[Captioned web image data]
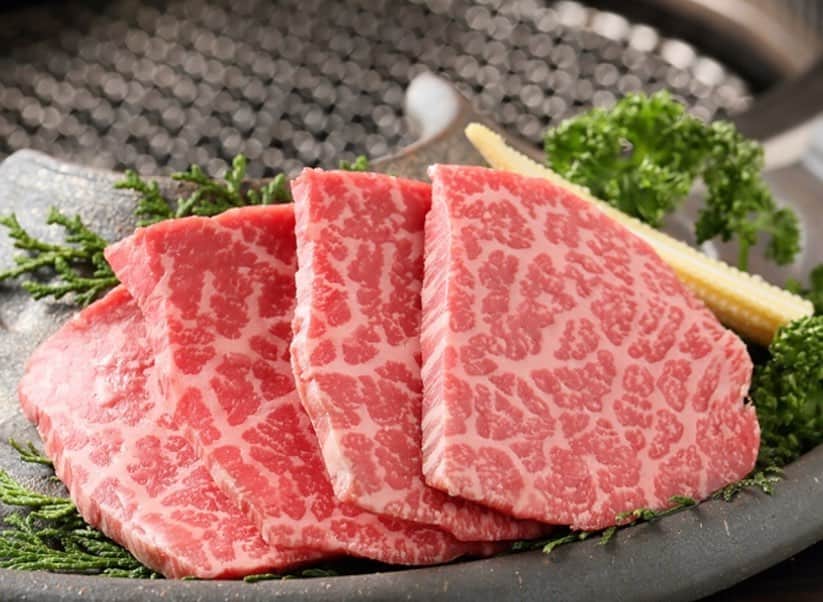 備長炭焼肉ほむら 刈谷本店さんのインスタグラム写真 - (備長炭焼肉ほむら 刈谷本店Instagram)「#焼肉と言えばほむら刈谷店 ﻿﻿﻿﻿﻿﻿﻿﻿﻿﻿﻿﻿﻿﻿﻿﻿﻿﻿﻿﻿﻿﻿﻿﻿﻿ ﻿﻿﻿﻿﻿﻿﻿﻿﻿﻿﻿ ﻿﻿ 人の幸福度が上がる瞬間の一つに、美味しいものを食べた時‼️﻿﻿ ﻿﻿ ﻿﻿ 美味しいお肉→ほむら刈谷店の目指すところは、まさしくその瞬間を提供するお店😄﻿﻿ ﻿﻿ ﻿﻿ 「美味しいッ」って、シンプルな言葉だからこそ、重みが違います🐤﻿﻿ ﻿﻿ ﻿﻿ まだ、試したことがない方は、是非、試してみて下さい🐒🎶﻿﻿ ﻿﻿ ﻿﻿ 皆さまのご来店お待ちしております😋﻿﻿ ﻿﻿ ﻿﻿ ほむら刈谷﻿﻿﻿﻿ 店長  加藤﻿﻿﻿﻿ ﻿﻿﻿〜.〜.〜.〜.〜.〜.〜.〜.〜.〜.〜﻿﻿﻿﻿﻿﻿﻿ ﻿﻿﻿﻿﻿□キャッシュバックキャンペーン□﻿﻿﻿ ﻿﻿﻿ 💰女性限定(男性同伴もOK)﻿﻿﻿ 💰期間限定﻿﻿﻿ 💰本日お支払い合計金額（税抜）の10％を、”次回”ご来店時にキャッシュバック﻿﻿﻿ 💰(月)〜(木)はオールタイム/（金）（土）（日）は20時30分以降でご利用可能﻿﻿﻿ 💰キャッシュバック有効期限は利用日から翌月の前日までとなります。﻿﻿﻿ ＊金額記載の証明書をお渡し致しますので次回お持ちください（紛失の場合は無効となります）﻿﻿ ﻿﻿〜.〜.〜.〜.〜.〜.〜.〜.〜.〜.〜﻿﻿﻿﻿﻿﻿ ﻿﻿﻿﻿﻿﻿ ﻿﻿ ﻿﻿ ﻿﻿﻿﻿﻿﻿﻿﻿﻿﻿﻿ ﻿﻿﻿﻿﻿﻿﻿﻿﻿﻿﻿﻿﻿﻿﻿ ﻿﻿＃刈谷市 #刈谷 #刈谷駅 #刈谷カフェ #いただきます ﻿﻿﻿﻿﻿ #安城市 #安城 #安城カフェ #安城カフェ ﻿﻿﻿﻿﻿ #夜ごはん ﻿﻿﻿ #ママ  #お誕生日会 #ランチ部 #豪華ディナー #豪華な個室 #焼肉コース #焼肉キング #もう一度食べたい﻿﻿﻿﻿﻿﻿﻿﻿﻿﻿﻿﻿﻿﻿﻿﻿﻿﻿﻿﻿﻿﻿﻿﻿﻿﻿﻿﻿﻿﻿ #めちゃうまかった﻿﻿﻿﻿﻿﻿﻿﻿﻿﻿﻿﻿﻿﻿﻿﻿﻿ #グルメ部#焼肉巡り #デート #焼肉デート ﻿﻿﻿﻿﻿﻿﻿﻿﻿﻿﻿﻿﻿﻿﻿﻿﻿﻿﻿﻿﻿﻿﻿﻿﻿﻿﻿﻿﻿﻿ #グルメ女子﻿﻿﻿﻿﻿﻿﻿﻿﻿﻿﻿﻿﻿﻿﻿﻿﻿﻿﻿﻿﻿﻿﻿﻿﻿﻿﻿﻿﻿﻿﻿ #おすすめのお店﻿﻿﻿﻿﻿﻿﻿﻿﻿﻿﻿﻿﻿﻿﻿﻿﻿ #うますぎる﻿﻿﻿﻿﻿﻿﻿﻿﻿﻿﻿﻿﻿﻿﻿﻿﻿﻿﻿﻿﻿﻿﻿﻿﻿﻿﻿﻿ #美味しすぎる﻿﻿﻿﻿﻿﻿﻿ #焼肉 ﻿﻿﻿﻿﻿」5月15日 20時13分 - homura_kariya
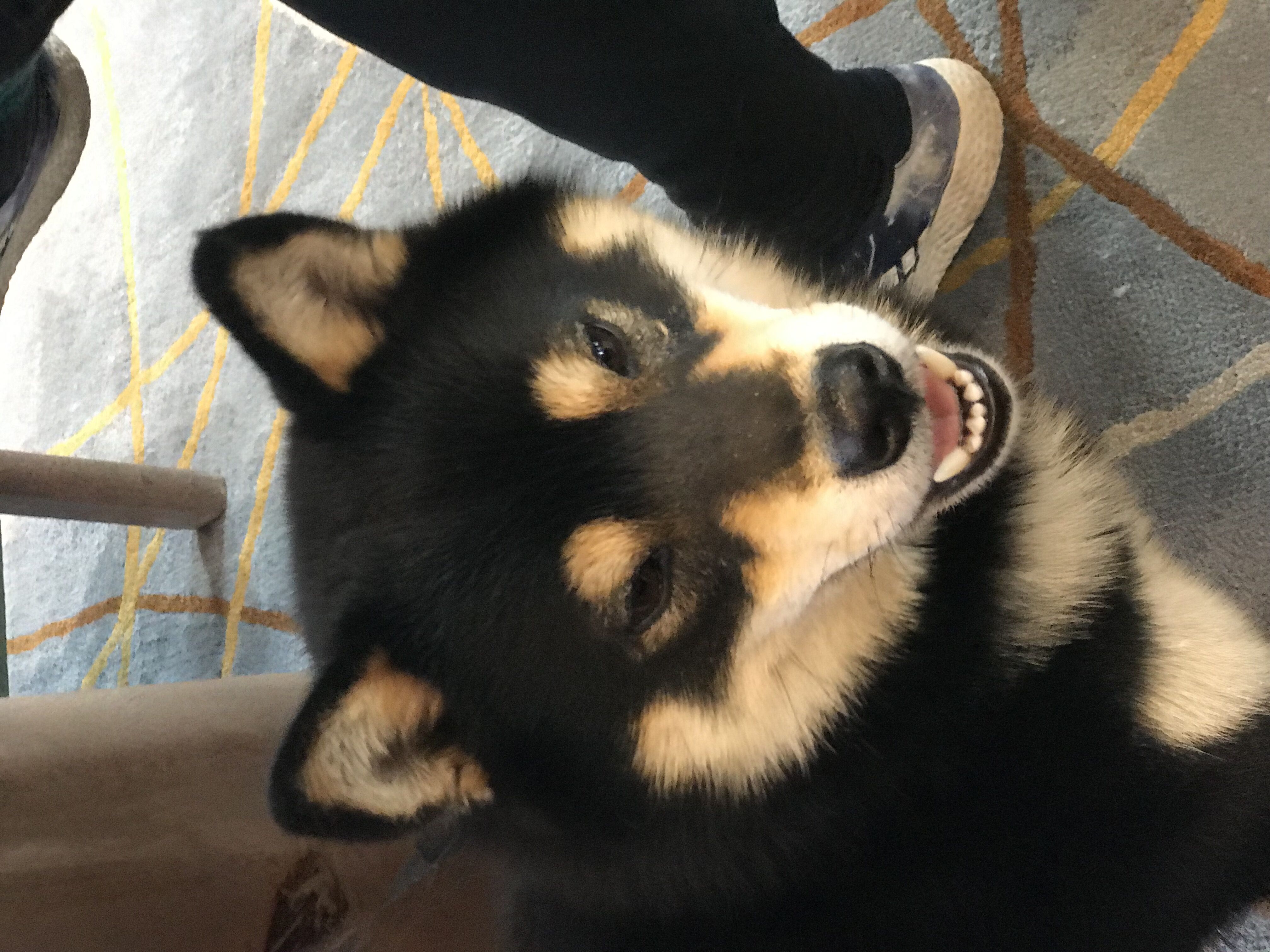 又见东兴,故地重游口岸都关闭了,不同时间不同伙伴不同心情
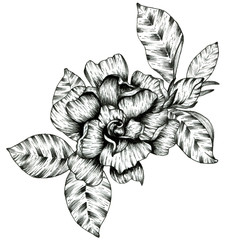 Graphic outline illustration of flowers. For design.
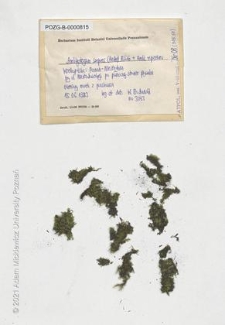 Brak tytułu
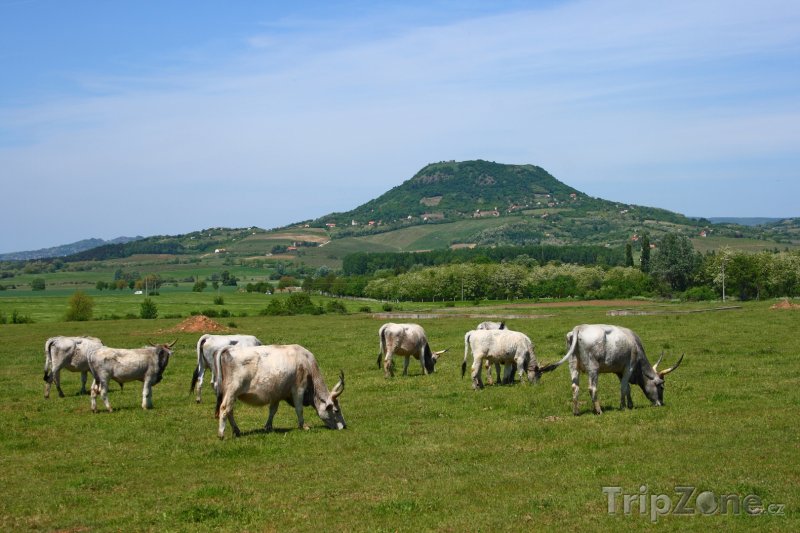 Fotka, Foto Dobytek na pastvě v regionu Badacsony (Maďarsko)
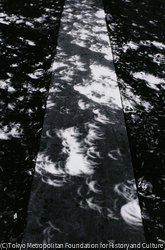 作品画像:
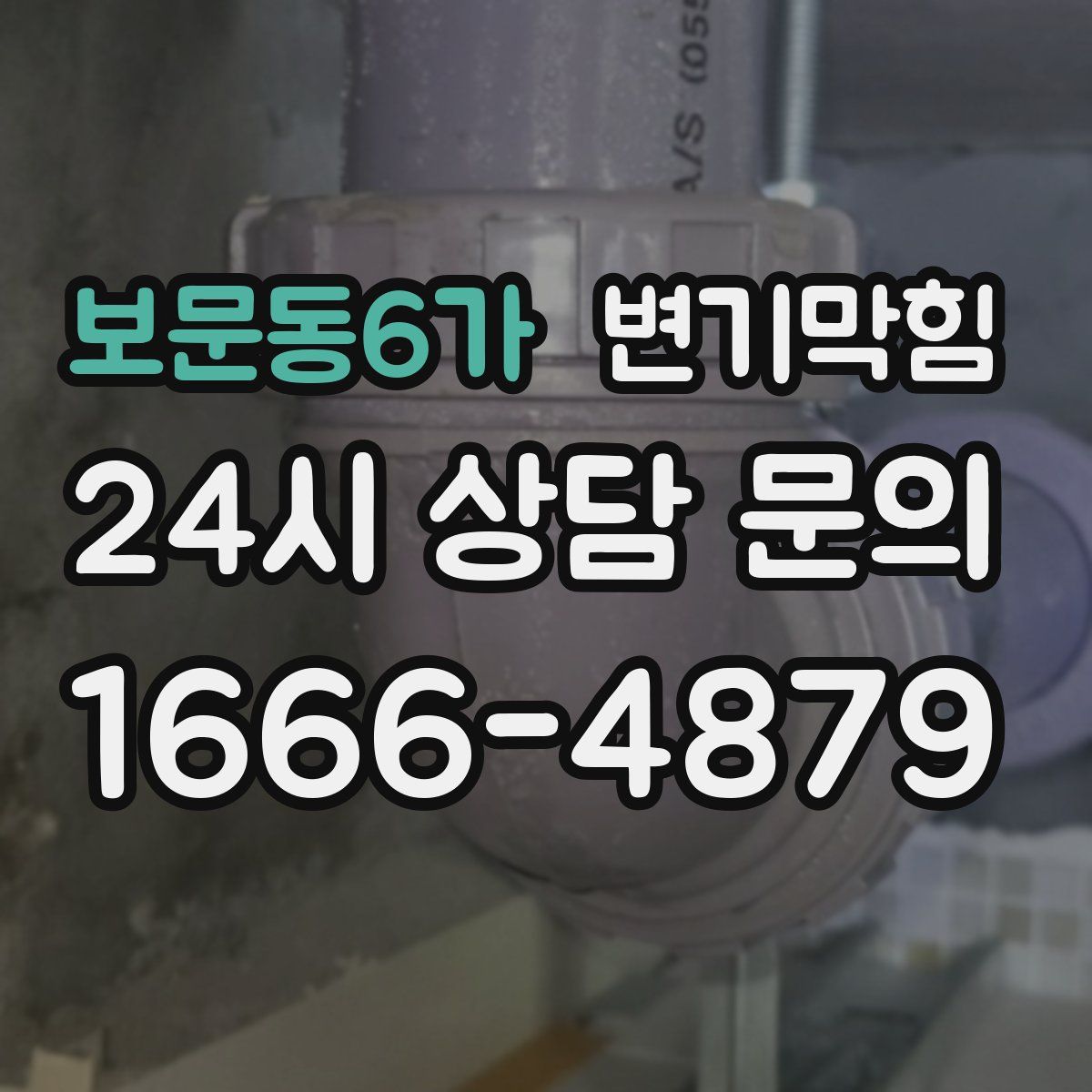보문동6가 변기막힘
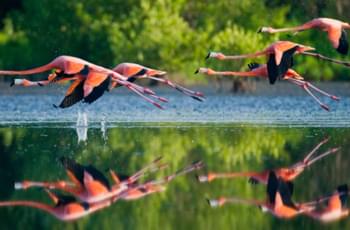 Caribische Flamingo in het Nationaal Park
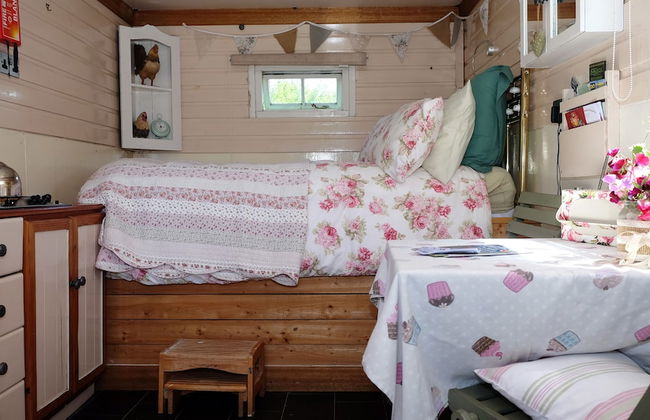 Cosy Shepherds Hut nr Kynance Cove - Foto 5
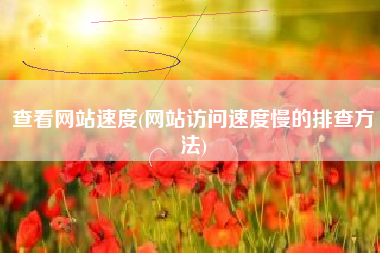查看网站速度(网站访问速度慢的排查方法)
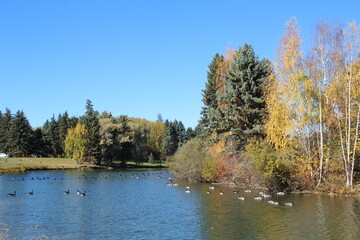 lake in autumn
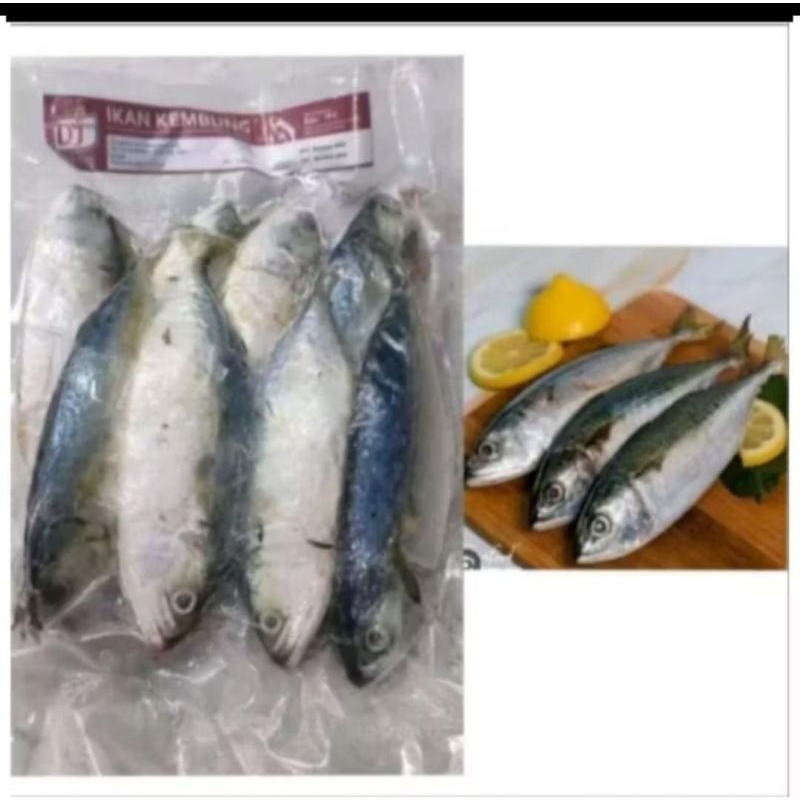 

Ikan Kembung Frozen ±1kg
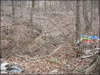 My Gallery: Image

WORK INSTRUCTIONS
Precisely the lines from the one containing "Brak tytułu" to the end of the data above, both included, should be printed; leave the pictures out.

ANSWER TO THIS PROBLEM
 Brak tytułu
 Fotka, Foto Dobytek na pastvě v regionu Badacsony (Maďarsko)
 作品画像:
보문동6가 변기막힘
 Caribische Flamingo in het Nationaal Park
 Cosy Shepherds Hut nr Kynance Cove - Foto 5
查看网站速度(网站访问速度慢的排查方法)
 lake in autumn

Ikan Kembung Frozen ±1kg
 My Gallery: Image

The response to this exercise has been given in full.